Tuesday, September 27, 2011
Some Thoughts I Have About Raymond
Raymond and I have conducted our relationship in secret for almost fifteen years. We weren’t hiding it, we weren’t up to anything-in fact there was a very marked lack of any sexual attraction between us though he has given me many compliments on my rack over the years. Thanks, Ray, by the way. We just had very different lives, different social circles, different schedules.
So when I found out he had died it was about 24 hours later and only because someone posted something about it on Facebook. FACEBOOK! I was in my office and I got up, walking past all these computer monitors and silent typists wearing headphones and stumbled out onto the street. My body shook. I didn’t know who to call. Our lives are like a venn diagram and no one else seemed to be in that overlapping area, that little place where our friendship existed. Just like that all traces of it were gone. I barely have even any photos of us together.
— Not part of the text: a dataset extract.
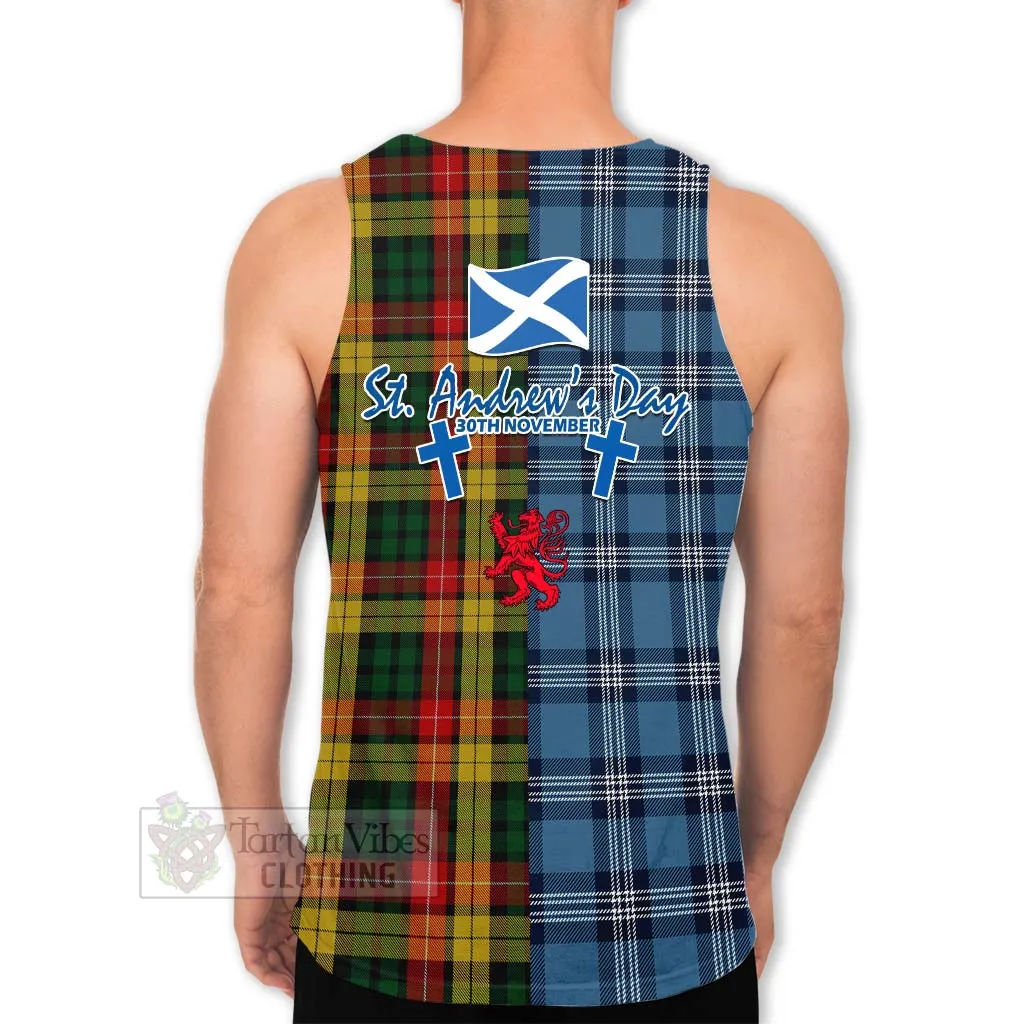 Buchanan Tartan Men's Tank Top Happy St. Andrew's Day Half Tartan Style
I wanted to call him and ask if it was true.
When people die everyone says the same things. Unlike our friendship my grief isn’t private-it’s shared by everyone who knew him, loved him. It’s shared by everyone in the world really, because time keeps marching on and keeps dragging us from each other and we try to forget during the in between times. We probably have to or every moment would be this agony of feeling, just constantly screaming at the top of our lungs, “I love you, I love you, I love you.” Because in this moment, knowing that he is gone, I wonder why I ever said anything else.
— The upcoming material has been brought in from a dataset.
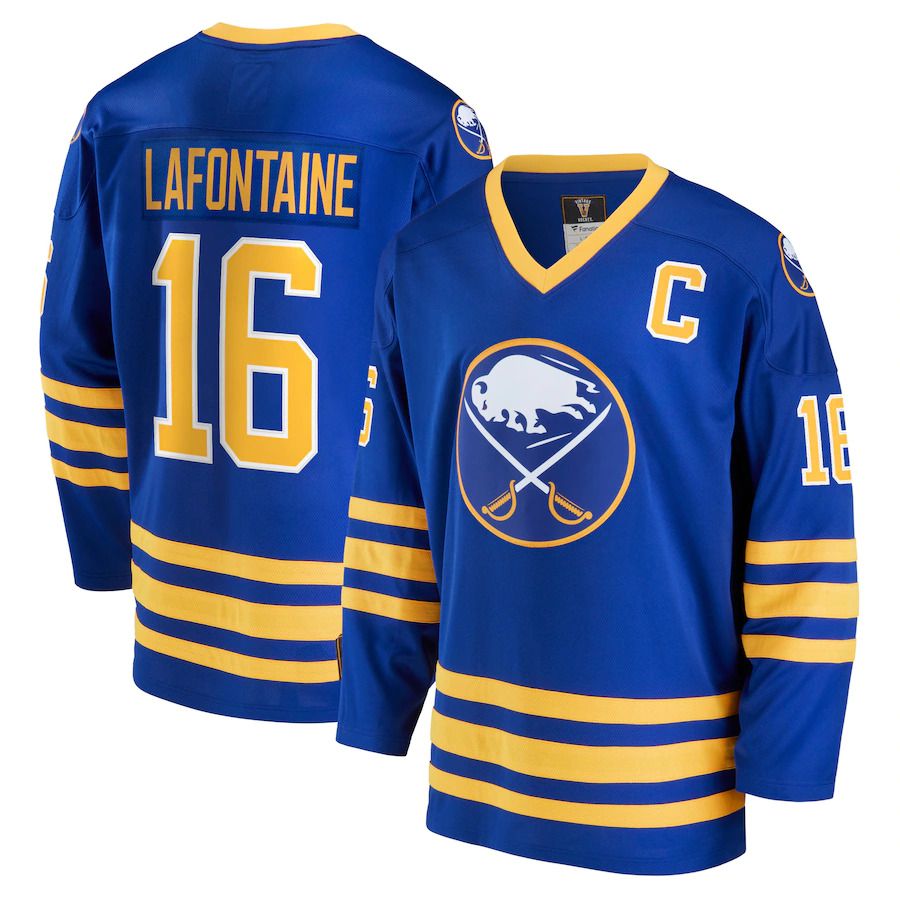 Men Buffalo Sabres #16 Pat LaFontaine Fanatics Branded Royal Breakaway Retired Player NHL Jersey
My last word to Raymond was on Gchat. We have been IMing each other pretty much every single day since it was invented. Maybe that’s why it was always so easy to tell things to Raymond that I could never tell anyone else- about my chronic depression, about my family, about my low self-esteem. Most people don’t want to hear about those things because they think it makes you tainted in some way, like a sick animal that should just slink off somewhere shady to die. Raymond never made me feel like any of my thoughts or feelings were unsafe to share. He never made me feel like the things I hoped for were stupid. He was, no matter how much we butted heads, always kind which is not something many people (definitely not me) manage to be. And my last word to him on Gchat was, “whatever.” I was annoyed with some disagreement we were having. I wasn’t angry or anything just being dismissive. On Sunday I called him to see if he wanted to go get a drink and he didn’t answer. I can never take back that last irritated conversation. So instead I want to remember the last time we were together which was at his house a few weeks ago.
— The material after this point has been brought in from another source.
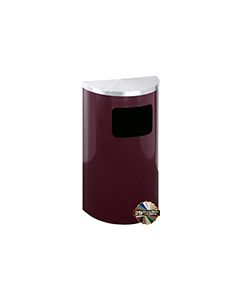 Glaro 1893 Profile Series Half Round Receptacle with Side Entry - 6 Gallon Capacity - 30" H x 18" W x 9" D - Assorted Colors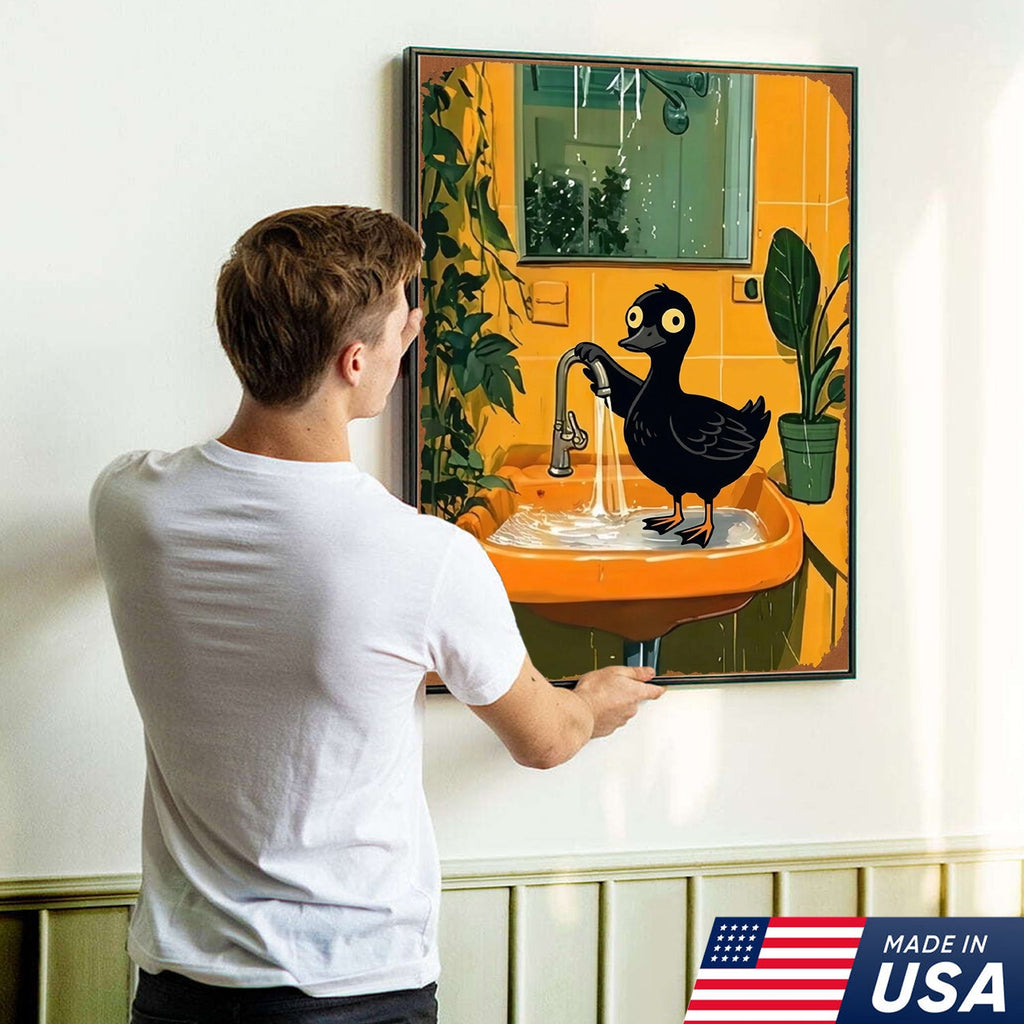 Funny Black Duck Bathroom Canvas Wall Art – Whimsical Bird in Sink Illustration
It was rainy as shit. I went to his house and we drank beer, ate pizza and watched stand up. We smoked a cigar on the stoop and made a pact that we would do a stand up show together by November. We looked out at the rain and said we should write a song but by the time we got upstairs we were too lazy and drunk. We sat around his room while he played music and talked about people we love, think we might love, think we might get laid by. We said good bye and I hugged him and said let’s do this more. He agreed. Memory is strange because now, wanting it so desperately to be true, I think as I left I said I love you. Did I? Had I ever? It was true and he must have known it but even though I can picture myself saying it and I can picture him bashfully mumbling, “Love you too, Aimee, now get out,” or something like that...I don’t know if it really happened.
I doubt very much that I was anywhere in the top best friends of Raymond’s life-he had so many. But I believe our friendship was one of the most special in my life, one of the most unique and long lasting. A huge part of my life has been extinguished and besides I Love You I’d like to tell Raymond that. We don’t always know the ways we touch people, what compartment inside their psyche or heart we fill. I can walk into so many rooms in my mind but now one of the biggest ones is empty. If there are people in your life who shape you, understand you, indulge you, argue with you, make up afterwards with you, get crazy on the dance floor with you why keep it a secret? I wish it hadn’t been. I didn’t even know it was until I knew he was dead.
On my iTunes there is a bunch of music Ray picked out and a few that he wrote, a couple we wrote together. The ones I was involved with weren’t as good, but he always helped me anyway. One in particular popped up a few months ago and I hadn’t listened to it in awhile and it made me so happy to hear it. It reminded me I had this friend who wrote me this silly song just because I asked him to and a tear came to my eye even then. It was for a video I made about an evil villainess called the Pie Socialite who pies her enemies and Raymond wrote it from the perspective of her boyfriend before she goes evil, when she’s just plain old Holly his girl. He probably wrote it in like two minutes but it’s so catchy and funny and sweet. I’m listening to it now as I write this and trying to remember all the moments we’re supposed to remember in times like this- when I flashed him on stage during his first show with Ohnomoon, watching him walk out my door forgetting he was still wearing a pair of bunny ears over his hat, him running down the hall away from me in our high school after teasing me, tasting honey together at a harvest festival, smoking pink cigarettes on my stoop, dragging his drunk ass into a bed while he clutched a slice of pizza, him chastising a driver who almost doored me in Williamsburg as he biked cavalierly by, roasting together on Brighton beach, the sound of him calling me Red which is a nickname no one else living remembers...
There is nothing in this life worth as much as the capacity to be loved and to love others. I love Raymond Blanco. I believe the world and my life is a lesser place for not having him in it. There is no solace.